Could Chris Spry have developed Zippy the Porcupine (the Sonic the Hedgehog Atari2600 de-make) privately and allowed the obscurity and anonymity shield him from Sega lawyers? Certainly. But wasn’t the public nature of the product something that enriched everyone who learned of its existence, or got to play it?

No marathon runner who runs today is the original messenger from Greek antiquity who ran to the city of Marathon with important news… But we don’t hold that against them, do we? And we who stand streetside observing the spectacle of this event are enriched by it, even though the first Marathon runner is long dead and doesn’t get any royalties from it.

I’ve already touched on these points, above.
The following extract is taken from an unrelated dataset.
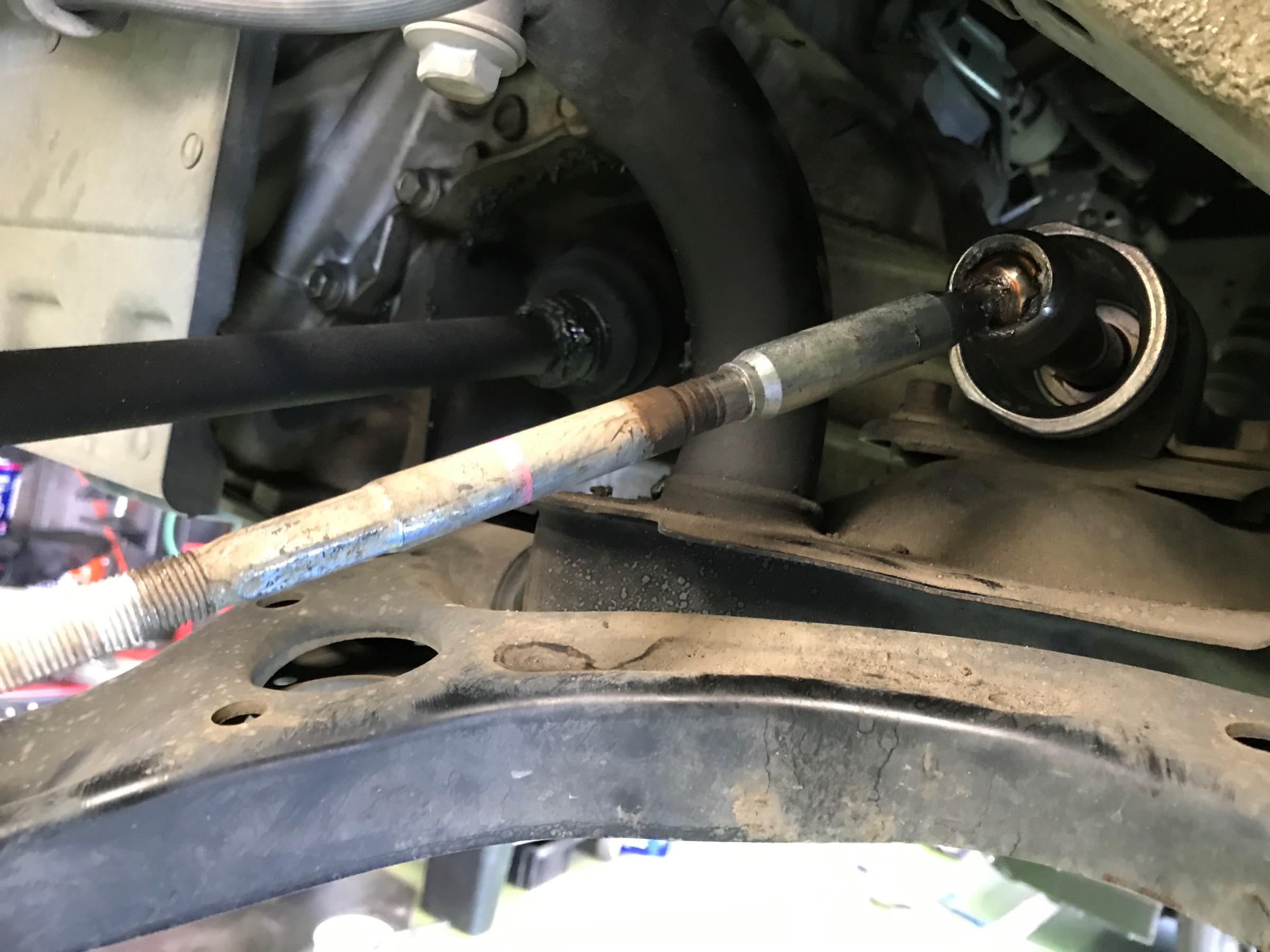 ダイハツ ムーヴ ｌ１７５ ドライブシャフトａｓｓｙ ステアリングラックブーツ交換です ダイハツ ムーヴ メンテナンス商品 パーツ取付 足回り関係取付 サービス事例 タイヤ館 うしく上柏田 茨城県のタイヤ カー用品ショップ タイヤからはじまる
The “last chance” sale is a kindness to the fans who have kept obsolete video gaming platforms alive for decades after they exited the market. But it’s not free of legal liability, and could in fact expose Atari Age to greater risk due to the attention the sale is getting, the increased awareness of the topic of the homebrew scene and of its intersection with IP law.

It’s a bit arbitrary where the line is to be drawn with respect to what’s a liability that needs to go, and what isn’t. Why isn’t Medieval Mayhem and Space Rocks a part of the sale? Medieval Mayhem was an Atari coin-op game for the arcade, back in the 80s. How is an unauthorized remake of it on the 2600 it not IP-encumbered? Space Rocks is just a really well done port of Asteroids, surely it assumes some non-zero amount of risk as well.

DeCrezenzo is a titan of the homebrew scene, and if he is indeed leaving due to this, it is truly a sad thing. If there was a Hall of Fame for homebrew developers, he’d be a charter member. He’s had a long “career” in the scene, with many, many contributions, so even if he simply retired, he’ll have at least left behind a monumental legacy… of games which sadly will no longer be made due to the legal realities that encumber this hobby.

If there’s a positive thing to be taken away from this, it’s that there are developers who will continue to remain in the scene, and will shift their focus to developing new game ideas. This is exiting.

As much as we like the familiar games we know, that never existed on a home console, or were never done justice in their official home port, there’s still tremendous potential in the system — even 45 years after its release, and 30 years on from its official exit from the primary marketplace.

That’s nothing short of remarkable, and if the new original games that we’re sure to see in the coming years stack up as well as the remakes and ports that we were fortunate to get to experience, the future is as bright as ever for fans, enthusiasts, and collectors of classic gaming consoles.

Long live the Atari 2600. And long live Atari Age!